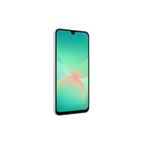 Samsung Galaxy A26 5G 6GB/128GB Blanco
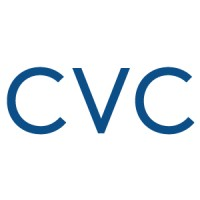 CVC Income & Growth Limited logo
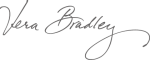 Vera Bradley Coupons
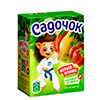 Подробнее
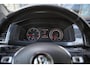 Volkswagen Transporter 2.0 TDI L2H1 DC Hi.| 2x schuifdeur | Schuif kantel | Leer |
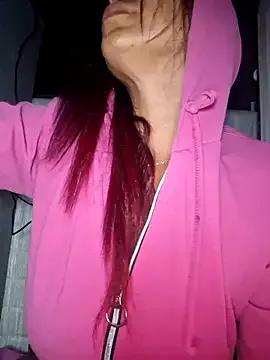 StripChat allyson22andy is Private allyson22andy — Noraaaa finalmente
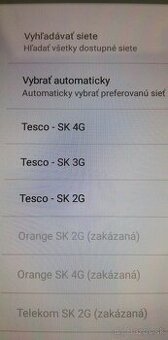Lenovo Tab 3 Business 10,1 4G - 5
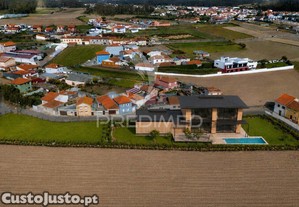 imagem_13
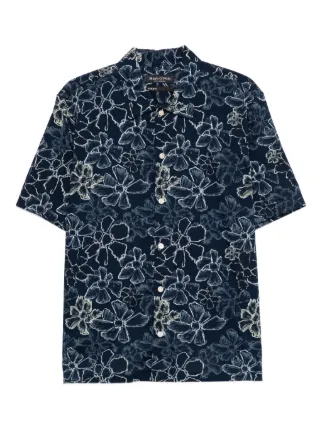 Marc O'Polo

---

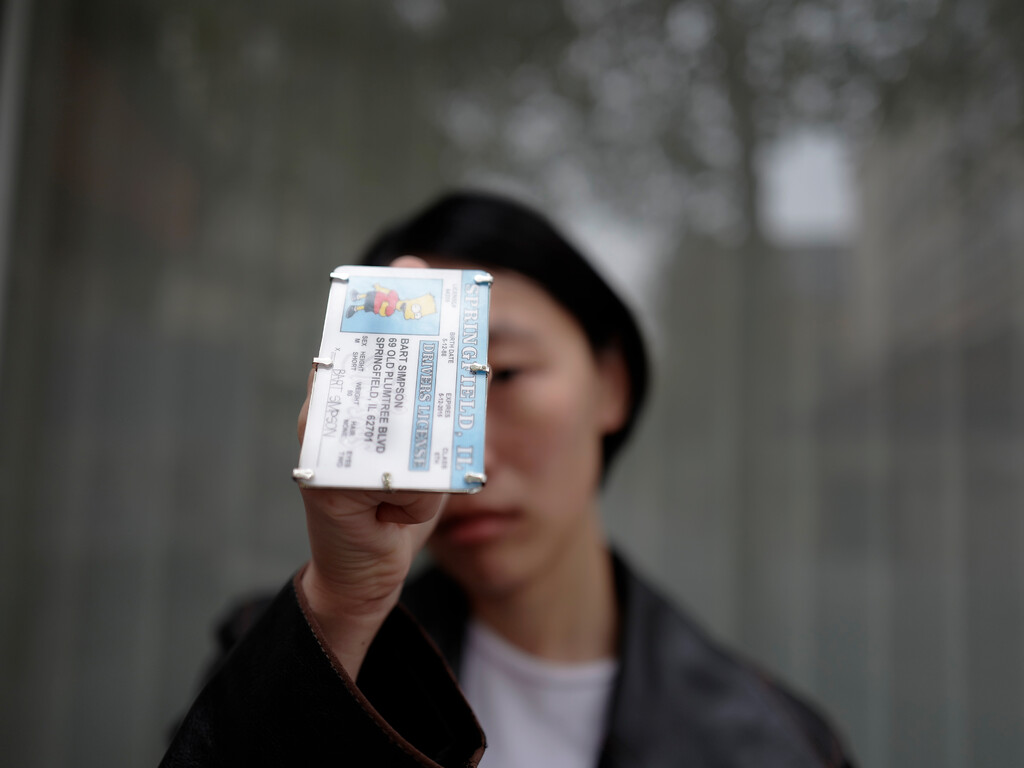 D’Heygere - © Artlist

--

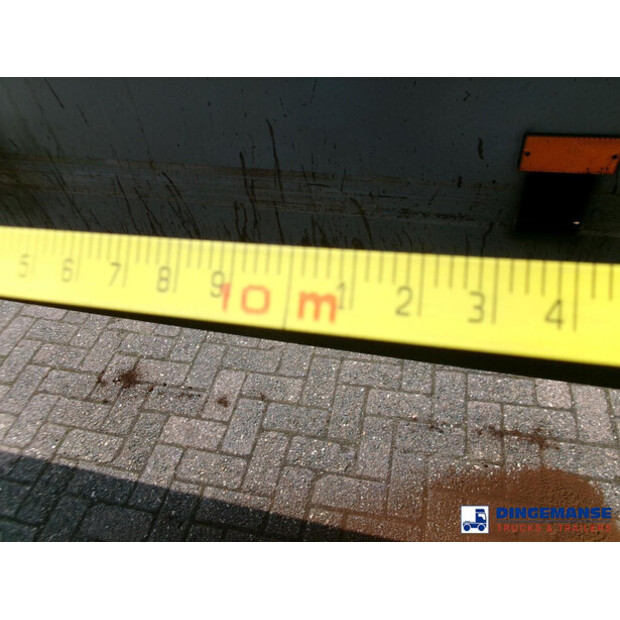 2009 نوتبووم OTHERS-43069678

• Problem to work on: Among the entries above, find the line with "Samsung Galaxy A26 5G 6GB/128GB Blanco" and repeat exactly from there through the line with "Marc O'Polo", leaving out the pictures.

• Answer for the task:
 Samsung Galaxy A26 5G 6GB/128GB Blanco
 CVC Income & Growth Limited logo
 Vera Bradley Coupons
 Подробнее
 Volkswagen Transporter 2.0 TDI L2H1 DC Hi.| 2x schuifdeur | Schuif kantel | Leer |
 StripChat allyson22andy is Private allyson22andy — Noraaaa finalmente
Lenovo Tab 3 Business 10,1 4G - 5
 imagem_13
 Marc O'Polo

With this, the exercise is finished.